Neo-Malthusianism generally refers to people with the same basic concerns as Malthus, who advocate population control programs, to ensure resources for current and future populations. In Britain the term Malthusian can also refer more specifically to arguments made in favour of preventive birth control, hence organizations such as the Malthusian League. Neo-Malthusians seem to differ from Malthus's theories mainly in their enthusiasm for contraception. Malthus, a devout Christian, believed that "self-control" (abstinence) was preferable to artificial birth control. In some editions of his essay, Malthus did allow that abstinence was unlikely to be effective on a wide scale, thus advocating the use of artificial means of birth control as a solution to population "pressure". Modern "neo-Malthusians" are generally more concerned than Malthus was, with environmental degradation and catastrophic famine than with poverty.
Many critics believe that the basis of Malthusian theory has been fundamentally discredited in the years since the publication of Principle of Population, often citing major advances in agricultural techniques and modern reductions in human fertility. Many modern proponents believe that the basic concept of population growth eventually outstripping resources is still fundamentally valid, and "positive checks" are still likely in humanity's future if there is no action to curb population growth.
Malthusian terms can carry a pejorative connotation indicating excessive pessimism, misanthropy or inhumanity. Some proponents of Malthusian ideas believe that Malthus's theories have been widely misunderstood and misrepresented; these proponents believe his reputation for pessimism and inhumanity is ill deserved. Malthusian ideas have attracted criticism from a diverse range of differing schools of thought, including Marxists and socialists, libertarians and free market enthusiasts, social conservatives, feminists and human rights advocates.
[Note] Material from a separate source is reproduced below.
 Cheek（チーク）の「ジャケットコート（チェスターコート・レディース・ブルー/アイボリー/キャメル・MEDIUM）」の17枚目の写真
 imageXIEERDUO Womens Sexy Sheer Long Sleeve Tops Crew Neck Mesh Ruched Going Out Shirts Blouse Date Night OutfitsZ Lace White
Malthus was not the first to outline the problems he perceived. The original essay was part of an ongoing intellectual discussion at the end of the 18th century regarding the origins of poverty. Principle of Population was specifically written as a rebuttal to thinkers like William Godwin and the Marquis de Condorcet, and Malthus's own father who believed in the perfectibility of humanity. Malthus believed humanity's ability to reproduce too rapidly doomed efforts at perfection and caused various other problems.
His criticism of the working class's tendency to reproduce rapidly, and his belief that this, rather than exploitation by capitalists, led to their poverty, brought widespread criticism of his theory.
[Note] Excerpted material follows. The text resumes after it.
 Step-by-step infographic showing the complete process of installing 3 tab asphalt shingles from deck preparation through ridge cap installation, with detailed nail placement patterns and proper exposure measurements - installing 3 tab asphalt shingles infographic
Malthusians perceived ideas of charity to the poor, typified by Tory paternalism, were futile, as these would only result in increased numbers of the poor; these theories played into Whig economic ideas exemplified by the Poor Law Amendment Act of 1834. The Act was described by opponents as "a Malthusian bill designed to force the poor to emigrate, to work for lower wages, to live on a coarser sort of food", which initiated the construction of workhouses despite riots and arson.
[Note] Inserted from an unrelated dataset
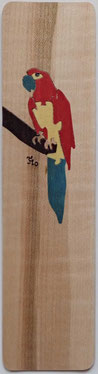 Marque-page Perroquet - 20 x 5 - Atelier Eclats de Bois - 38 Isère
Malthus revised his theories in later editions of An Essay on the Principles of Population, taking a more optimistic tone, although there is some scholarly debate on the extent of his revisions. According to Dr. Dan Ritschel of the Center for History Education at the University of Maryland,
The great Malthusian dread was that "indiscriminate charity" would lead to exponential growth in the population in poverty, increased charges to the public purse to support this growing army of the dependent, and, eventually, the catastrophe of national bankruptcy. Though Malthusianism has since come to be identified with the issue of general over-population, the original Malthusian concern was more specifically with the fear of over-population by the dependent poor!
One of the earliest critics was David Ricardo. Malthus immediately and correctly recognised it to be an attack on his theory of wages. Ricardo and Malthus debated this in a lengthy personal correspondence.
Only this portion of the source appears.